### Exercise directions
Repeat, word for word, all the data that follows, and exclude the pictures.

### Source data

---+---

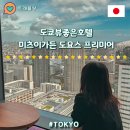 늘푸른25시슈퍼 | 도쿄긴자호텔 미츠이가든 도요스 대욕장 뷰좋은호텔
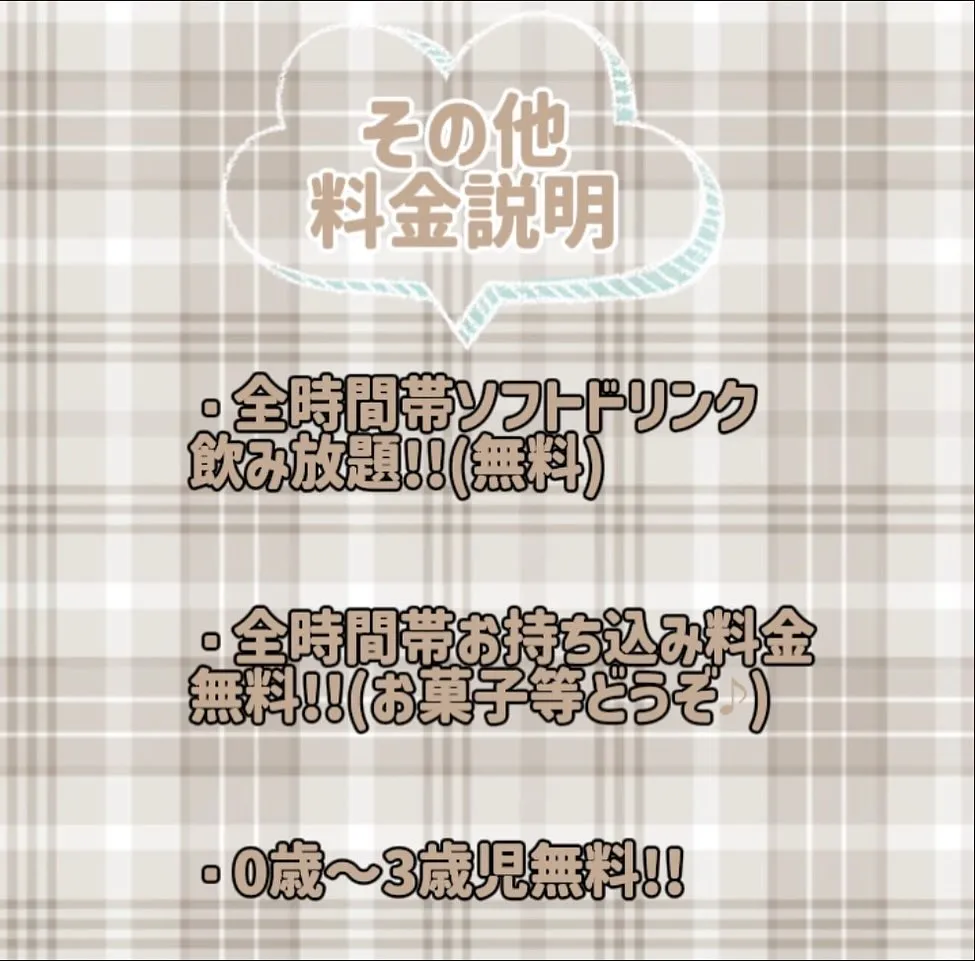 【料金表説明】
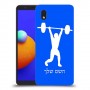 הרמת משקולות כיסוי מגן קשיח בעיצוב אישי עם השם שלך ל Samsung Galaxy A01 Core יחידה אחת סקרין מובייל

---+---

### Final answer
 늘푸른25시슈퍼 | 도쿄긴자호텔 미츠이가든 도요스 대욕장 뷰좋은호텔
 【料金表説明】
 הרמת משקולות כיסוי מגן קשיח בעיצוב אישי עם השם שלך ל Samsung Galaxy A01 Core יחידה אחת סקרין מובייל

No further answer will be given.